INFORMATION SUPPLIED:
——————
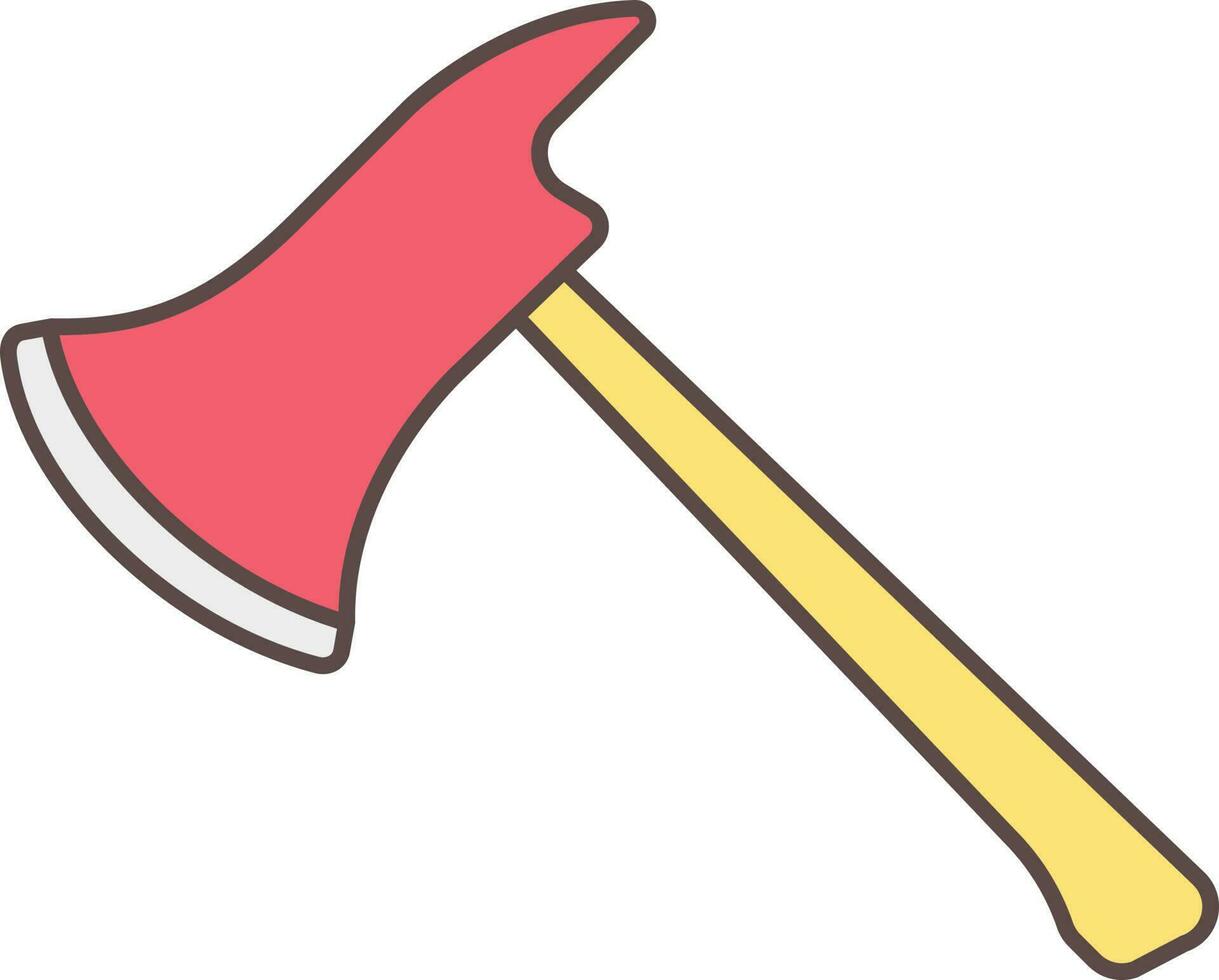 Flat Style Axe Yellow And Red Icon. vector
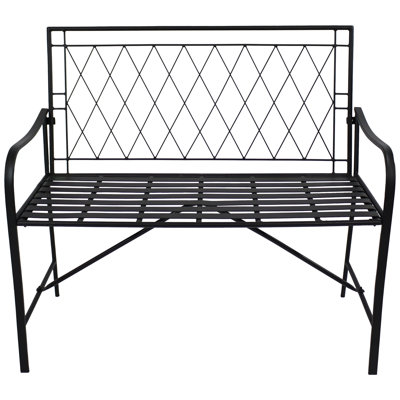 Israh 2-Person Argyle Diamond High Back Iron Outdoor Garden Bench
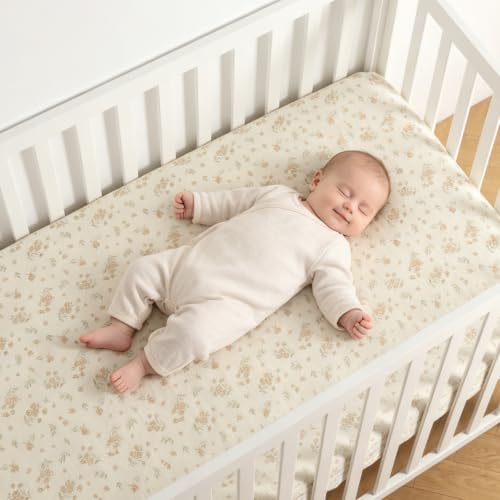 Organic Baby Crib Sheets 52x28 Inches 2 Pack 100% Muslin Cotton Soft Boho Toddler Fitted Crib Bed Mattress Sheet for Baby Girls Fits Standard Size Crib Mattress 28x52 Inches Blossom & Grass Green (2 Count)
——————
TASK STATEMENT: Here the job is to print the data above exactly, except for any pictures.

SOLUTION TO THE EXERCISE:
 Flat Style Axe Yellow And Red Icon. vector
 Israh 2-Person Argyle Diamond High Back Iron Outdoor Garden Bench
 Organic Baby Crib Sheets 52x28 Inches 2 Pack 100% Muslin Cotton Soft Boho Toddler Fitted Crib Bed Mattress Sheet for Baby Girls Fits Standard Size Crib Mattress 28x52 Inches Blossom & Grass Green (2 Count)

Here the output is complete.